It was reviewed in the WSJ.
The relation between the federal government and the governments of the various states is a chestnut of constitutional theory, a perennial cause of angst and a gauge of American politics generally. In antebellum America, Southern states claimed the right to ignore federal law, presaging the Civil War. In the past century, Progressive arguments for the federal -- rather than the state -- regulation of labor set in motion the centralized administrative juggernaut that became Franklin Roosevelt's New Deal. More recently, the Rehnquist's Court's restrictions on federal authority, in favor of state autonomy, captured the Reagan Revolution's enthusiasm for decentralizing governmental power.
In "Enhancing Government," Erwin Chemerinsky provides a kind of holograph of what federalism -- as the federal-state relation is confusingly called -- would resemble if the U.S. were to enter a period of liberal ascendancy. His timing could not be better, since the chance of such an ascendancy is not exactly remote: A Barack Obama presidency seems possible, together with a Democratic majority in both houses of Congress. Mr. Chemerinsky sketches a vision of federalism that would empower government at all levels and delight civil plaintiffs and criminal defense lawyers of every description. The great virtue of Mr. Chemerinsky's book is that it serves as a blueprint for the Obama administration and a fair warning to its opponents.
Mr. Chemerinsky argues that no constitutional principle prevents the federal government from regulating any matter. Accordingly, he sharply criticizes the decision in United States v. Lopez, where the Rehnquist Court held that the federal government lacked the authority to prohibit carrying guns near a school. Second, he solves one of the great federalism controversies -- whether state or federal courts are more competent to adjudicate federal legal claims -- by allowing civil plaintiffs and criminal defendants to choose whichever court that they prefer: presumably the one that, in their view, will most likely vindicate their rights. Finally, he argues that state law should yield only to an express federal directive contradicting it. Thus, in his view, the Supreme Court was wrong to hold that the Food and Drug Administration's approval of a medical device precluded state tort suits impugning the device's safety.
Mr. Chemerinsky's brand of federalism expresses an enthusiasm for regulation and a distrust of the market. Fair enough, if that is one's (Democratic) sense of things, although businesses should beware. But are his ideas defensible on other grounds? Take his claim that the court's decision in Lopez had no basis in the constitutional text. You can arrive at such a conclusion only if you throw out the hallowed principle that the federal government possesses only enumerated powers. Congress passed its ban on carrying guns near schools under its authority to "regulate commerce among the several states," but carrying a gun is not a commercial act and affects only the state where the school is located. Thus the court's decision on behalf of local law.

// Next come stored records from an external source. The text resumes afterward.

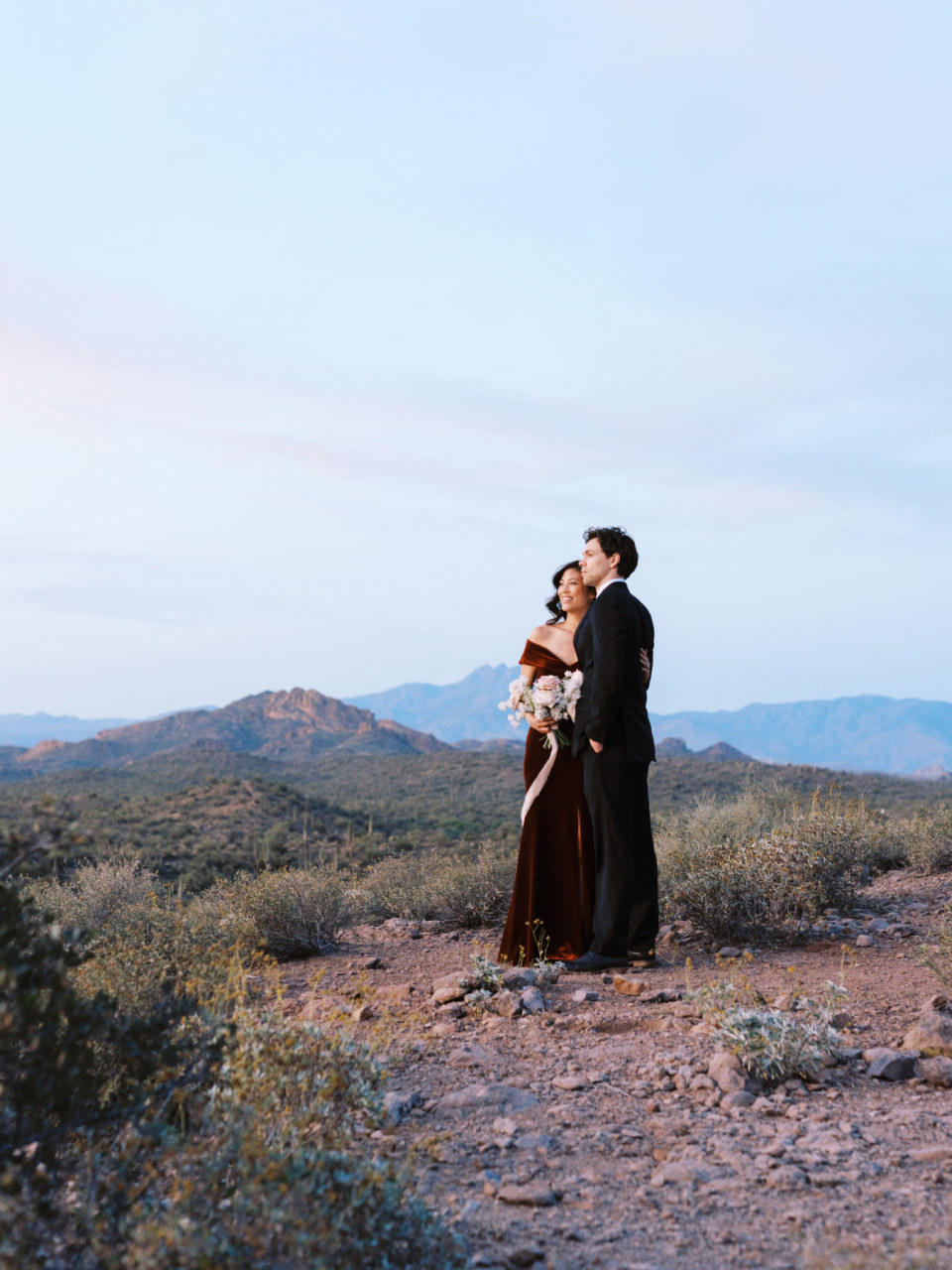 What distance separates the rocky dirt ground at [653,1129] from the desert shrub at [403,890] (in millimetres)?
2627

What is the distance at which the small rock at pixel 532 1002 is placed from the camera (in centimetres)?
478

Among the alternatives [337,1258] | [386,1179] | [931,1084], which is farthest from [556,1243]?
[931,1084]

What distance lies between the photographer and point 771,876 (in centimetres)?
643

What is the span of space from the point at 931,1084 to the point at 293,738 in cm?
6411

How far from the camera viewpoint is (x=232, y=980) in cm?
371

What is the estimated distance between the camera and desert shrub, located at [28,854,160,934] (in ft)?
24.3

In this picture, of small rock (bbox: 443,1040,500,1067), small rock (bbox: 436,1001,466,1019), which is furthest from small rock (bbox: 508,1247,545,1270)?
small rock (bbox: 436,1001,466,1019)

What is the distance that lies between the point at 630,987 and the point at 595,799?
1091mm

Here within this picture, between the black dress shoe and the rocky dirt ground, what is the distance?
7cm

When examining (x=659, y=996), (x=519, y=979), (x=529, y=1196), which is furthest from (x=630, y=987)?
(x=529, y=1196)

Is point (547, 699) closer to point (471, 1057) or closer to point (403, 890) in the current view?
point (471, 1057)

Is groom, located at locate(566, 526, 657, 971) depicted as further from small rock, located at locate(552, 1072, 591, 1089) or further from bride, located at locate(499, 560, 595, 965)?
small rock, located at locate(552, 1072, 591, 1089)

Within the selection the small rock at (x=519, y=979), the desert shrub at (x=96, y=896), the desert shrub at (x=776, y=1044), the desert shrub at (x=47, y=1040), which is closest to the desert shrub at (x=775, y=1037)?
the desert shrub at (x=776, y=1044)

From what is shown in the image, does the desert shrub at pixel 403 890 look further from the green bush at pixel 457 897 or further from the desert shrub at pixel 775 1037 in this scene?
the desert shrub at pixel 775 1037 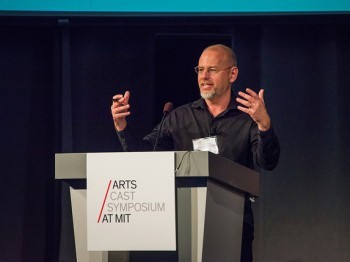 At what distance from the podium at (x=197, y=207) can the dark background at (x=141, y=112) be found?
2189mm

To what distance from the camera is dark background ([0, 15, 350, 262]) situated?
4016mm

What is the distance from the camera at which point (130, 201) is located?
5.81 feet

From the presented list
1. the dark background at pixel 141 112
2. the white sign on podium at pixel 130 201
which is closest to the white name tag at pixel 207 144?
the white sign on podium at pixel 130 201

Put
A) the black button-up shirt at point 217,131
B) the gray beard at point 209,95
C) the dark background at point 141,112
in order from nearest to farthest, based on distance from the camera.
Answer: the black button-up shirt at point 217,131
the gray beard at point 209,95
the dark background at point 141,112

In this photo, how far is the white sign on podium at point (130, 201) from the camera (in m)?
1.75

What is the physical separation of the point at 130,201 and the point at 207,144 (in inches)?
31.0

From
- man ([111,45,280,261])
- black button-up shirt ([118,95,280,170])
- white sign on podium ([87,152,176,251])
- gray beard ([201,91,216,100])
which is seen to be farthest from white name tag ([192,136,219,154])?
white sign on podium ([87,152,176,251])

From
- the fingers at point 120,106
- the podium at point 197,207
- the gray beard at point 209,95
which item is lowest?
the podium at point 197,207

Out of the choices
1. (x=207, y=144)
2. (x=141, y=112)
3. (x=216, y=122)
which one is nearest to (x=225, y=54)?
(x=216, y=122)

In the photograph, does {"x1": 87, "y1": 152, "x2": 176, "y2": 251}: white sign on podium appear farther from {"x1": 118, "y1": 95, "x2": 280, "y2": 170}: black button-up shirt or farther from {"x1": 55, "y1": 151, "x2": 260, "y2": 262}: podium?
{"x1": 118, "y1": 95, "x2": 280, "y2": 170}: black button-up shirt

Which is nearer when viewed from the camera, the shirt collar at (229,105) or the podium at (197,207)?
the podium at (197,207)

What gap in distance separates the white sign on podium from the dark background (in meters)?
2.26

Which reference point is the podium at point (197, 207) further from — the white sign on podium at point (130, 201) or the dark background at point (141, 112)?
the dark background at point (141, 112)

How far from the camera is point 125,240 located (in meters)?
1.76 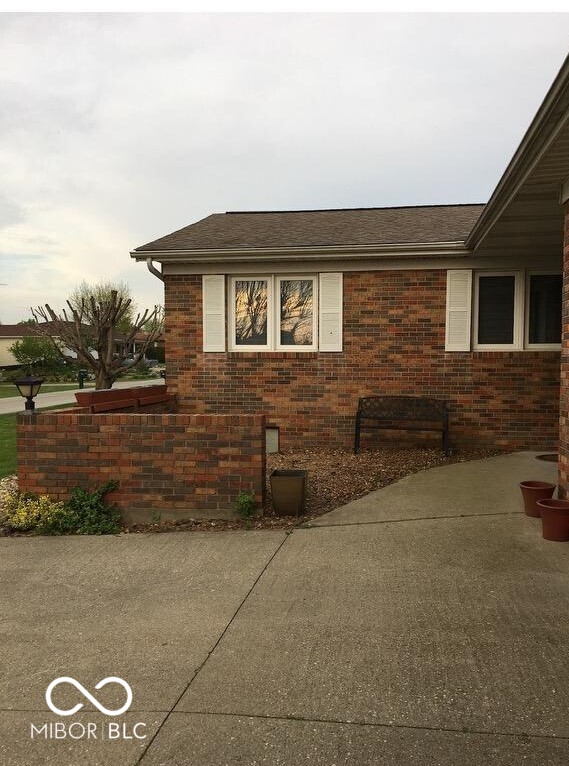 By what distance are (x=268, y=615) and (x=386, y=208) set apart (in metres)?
10.3

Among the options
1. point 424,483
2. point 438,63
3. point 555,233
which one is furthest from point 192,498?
point 438,63

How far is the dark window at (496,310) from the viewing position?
8.85 meters

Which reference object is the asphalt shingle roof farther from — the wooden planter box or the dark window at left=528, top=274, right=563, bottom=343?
the wooden planter box

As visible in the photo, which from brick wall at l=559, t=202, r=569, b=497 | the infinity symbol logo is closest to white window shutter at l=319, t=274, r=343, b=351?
brick wall at l=559, t=202, r=569, b=497

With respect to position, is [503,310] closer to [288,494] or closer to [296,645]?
[288,494]

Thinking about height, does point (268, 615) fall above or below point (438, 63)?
below

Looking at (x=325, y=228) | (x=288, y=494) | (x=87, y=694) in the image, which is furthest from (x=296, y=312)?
(x=87, y=694)

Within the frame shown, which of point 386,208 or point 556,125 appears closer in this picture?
point 556,125

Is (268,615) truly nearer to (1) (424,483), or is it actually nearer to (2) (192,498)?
(2) (192,498)

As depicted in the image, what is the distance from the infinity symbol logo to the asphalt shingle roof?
6969 mm

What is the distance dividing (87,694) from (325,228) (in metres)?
8.68

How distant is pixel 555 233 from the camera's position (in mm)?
7137

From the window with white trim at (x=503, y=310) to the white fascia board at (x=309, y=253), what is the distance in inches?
20.3

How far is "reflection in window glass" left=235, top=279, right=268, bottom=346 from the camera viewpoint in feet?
30.6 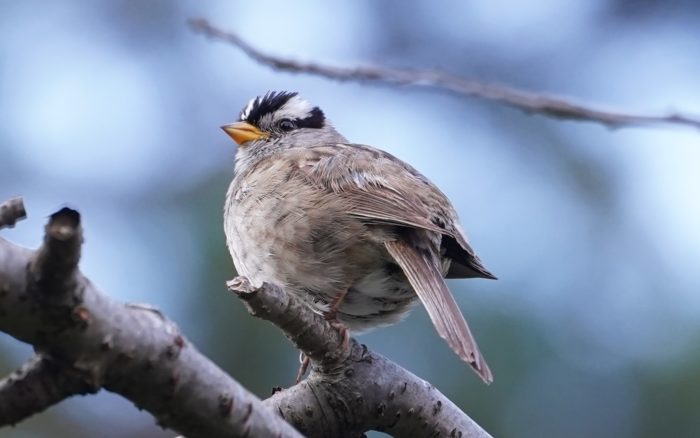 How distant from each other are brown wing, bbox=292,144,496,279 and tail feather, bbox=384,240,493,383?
118mm

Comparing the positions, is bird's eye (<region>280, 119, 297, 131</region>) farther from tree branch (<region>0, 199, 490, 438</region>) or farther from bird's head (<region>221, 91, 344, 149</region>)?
tree branch (<region>0, 199, 490, 438</region>)

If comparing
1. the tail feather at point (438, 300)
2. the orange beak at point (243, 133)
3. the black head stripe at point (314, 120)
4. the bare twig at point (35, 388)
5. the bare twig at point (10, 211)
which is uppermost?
the black head stripe at point (314, 120)

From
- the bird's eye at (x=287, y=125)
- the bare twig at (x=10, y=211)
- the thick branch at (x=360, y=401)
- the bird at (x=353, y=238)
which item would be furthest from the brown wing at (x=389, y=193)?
the bare twig at (x=10, y=211)

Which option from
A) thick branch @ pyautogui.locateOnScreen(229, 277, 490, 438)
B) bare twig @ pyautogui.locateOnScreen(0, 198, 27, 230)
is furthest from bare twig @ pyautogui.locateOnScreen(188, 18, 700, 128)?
bare twig @ pyautogui.locateOnScreen(0, 198, 27, 230)

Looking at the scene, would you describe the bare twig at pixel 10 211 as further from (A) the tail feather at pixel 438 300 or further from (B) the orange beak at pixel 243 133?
(B) the orange beak at pixel 243 133

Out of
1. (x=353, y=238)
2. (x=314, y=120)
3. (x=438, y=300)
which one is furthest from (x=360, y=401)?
(x=314, y=120)

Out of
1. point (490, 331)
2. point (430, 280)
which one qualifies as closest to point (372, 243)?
point (430, 280)

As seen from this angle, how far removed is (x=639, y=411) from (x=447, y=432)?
390 cm

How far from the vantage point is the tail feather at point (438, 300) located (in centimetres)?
348

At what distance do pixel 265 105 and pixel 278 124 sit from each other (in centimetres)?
13

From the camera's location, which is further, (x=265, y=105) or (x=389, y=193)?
(x=265, y=105)

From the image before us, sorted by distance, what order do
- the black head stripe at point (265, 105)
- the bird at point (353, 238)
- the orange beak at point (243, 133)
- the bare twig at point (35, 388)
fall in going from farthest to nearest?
the black head stripe at point (265, 105)
the orange beak at point (243, 133)
the bird at point (353, 238)
the bare twig at point (35, 388)

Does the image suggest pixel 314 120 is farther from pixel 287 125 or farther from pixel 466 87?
pixel 466 87

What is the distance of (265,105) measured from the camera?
6023 mm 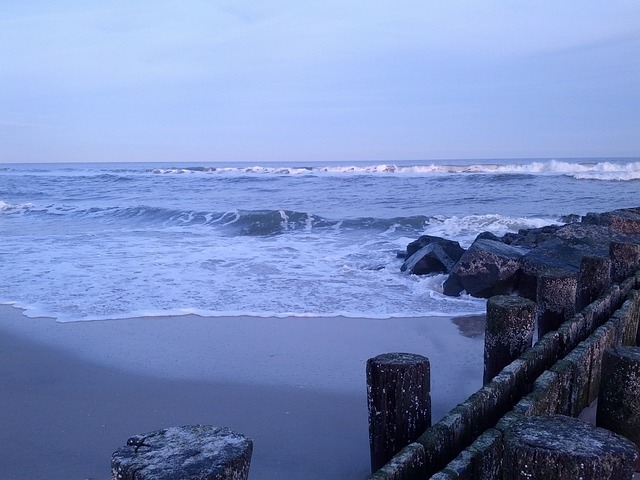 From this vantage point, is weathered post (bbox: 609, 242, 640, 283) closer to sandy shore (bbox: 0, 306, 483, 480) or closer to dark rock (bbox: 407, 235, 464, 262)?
sandy shore (bbox: 0, 306, 483, 480)

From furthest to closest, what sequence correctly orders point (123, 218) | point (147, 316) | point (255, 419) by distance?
point (123, 218) < point (147, 316) < point (255, 419)

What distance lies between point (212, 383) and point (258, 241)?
9.31m

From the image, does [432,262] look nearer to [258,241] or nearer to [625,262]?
[625,262]

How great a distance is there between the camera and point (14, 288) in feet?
27.9

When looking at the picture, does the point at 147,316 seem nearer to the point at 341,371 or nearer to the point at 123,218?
the point at 341,371

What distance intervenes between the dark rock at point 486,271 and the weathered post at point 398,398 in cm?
531

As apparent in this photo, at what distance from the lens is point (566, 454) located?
53.2 inches

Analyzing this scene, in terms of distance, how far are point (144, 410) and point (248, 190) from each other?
90.5ft

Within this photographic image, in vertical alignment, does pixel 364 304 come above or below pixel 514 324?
below

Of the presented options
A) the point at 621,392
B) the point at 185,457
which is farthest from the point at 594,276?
the point at 185,457

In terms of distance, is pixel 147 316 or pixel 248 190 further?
pixel 248 190

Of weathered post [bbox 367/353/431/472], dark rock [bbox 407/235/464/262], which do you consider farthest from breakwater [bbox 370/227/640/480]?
dark rock [bbox 407/235/464/262]

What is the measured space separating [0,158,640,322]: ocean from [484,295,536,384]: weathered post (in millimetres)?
3685

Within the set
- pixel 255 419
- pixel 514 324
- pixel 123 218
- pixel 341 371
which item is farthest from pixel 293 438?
pixel 123 218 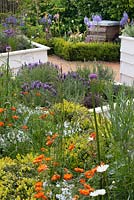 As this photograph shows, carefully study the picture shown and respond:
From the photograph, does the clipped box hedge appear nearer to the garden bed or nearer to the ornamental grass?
the garden bed

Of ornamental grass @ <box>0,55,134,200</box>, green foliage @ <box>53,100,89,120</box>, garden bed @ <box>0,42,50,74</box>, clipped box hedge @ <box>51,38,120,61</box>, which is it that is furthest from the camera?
clipped box hedge @ <box>51,38,120,61</box>

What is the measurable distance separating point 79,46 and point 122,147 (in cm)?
700

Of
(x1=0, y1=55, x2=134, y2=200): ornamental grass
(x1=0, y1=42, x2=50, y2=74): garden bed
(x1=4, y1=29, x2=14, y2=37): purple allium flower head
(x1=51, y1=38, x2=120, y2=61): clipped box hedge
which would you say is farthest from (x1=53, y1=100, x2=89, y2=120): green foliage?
(x1=51, y1=38, x2=120, y2=61): clipped box hedge

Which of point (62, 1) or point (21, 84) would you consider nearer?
point (21, 84)

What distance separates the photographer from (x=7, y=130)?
2.93 meters

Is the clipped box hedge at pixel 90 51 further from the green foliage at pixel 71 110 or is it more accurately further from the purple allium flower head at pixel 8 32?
the green foliage at pixel 71 110

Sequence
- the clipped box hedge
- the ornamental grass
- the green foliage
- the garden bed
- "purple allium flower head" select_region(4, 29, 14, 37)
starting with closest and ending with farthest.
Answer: the ornamental grass
the green foliage
the garden bed
"purple allium flower head" select_region(4, 29, 14, 37)
the clipped box hedge

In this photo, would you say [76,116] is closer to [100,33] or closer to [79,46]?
[79,46]

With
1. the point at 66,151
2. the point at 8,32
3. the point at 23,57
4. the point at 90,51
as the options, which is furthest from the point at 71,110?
the point at 90,51

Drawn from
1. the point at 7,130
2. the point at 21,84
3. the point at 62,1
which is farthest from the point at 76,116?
the point at 62,1

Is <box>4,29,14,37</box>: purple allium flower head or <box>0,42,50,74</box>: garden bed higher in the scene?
<box>4,29,14,37</box>: purple allium flower head

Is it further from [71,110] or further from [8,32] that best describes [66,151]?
[8,32]

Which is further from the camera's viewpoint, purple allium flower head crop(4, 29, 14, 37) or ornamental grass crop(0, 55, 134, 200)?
purple allium flower head crop(4, 29, 14, 37)

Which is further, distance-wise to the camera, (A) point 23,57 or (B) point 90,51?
(B) point 90,51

So how probable is it that Mr. Chemerinsky's ideas will make their way into American law? It is hard to say. He is a prominent legal scholar -- now the dean of the new law school at the University of California at Irvine. If elected, Mr. Obama, himself a former teacher of constitutional law, may well choose federal judges -- or Supreme Court justices -- who know of Mr. Chemerinsky's work and the work of like-minded scholars. The legal theorizing of today is the judicial opinion of tomorrow. Still, we can hope that prudence will trump politics. To obliterate constitutional federalism -- because "yes, we can" -- would return us to the orthodoxies of an era of centralized power, something Mr. Obama professes to have left behind. We'll see.
Clinton wanted to nominate him in the 1990's, and was told by the GOP that he was DOA in committee. With the dems in charge of the senate, that might not be the case if Obama wins.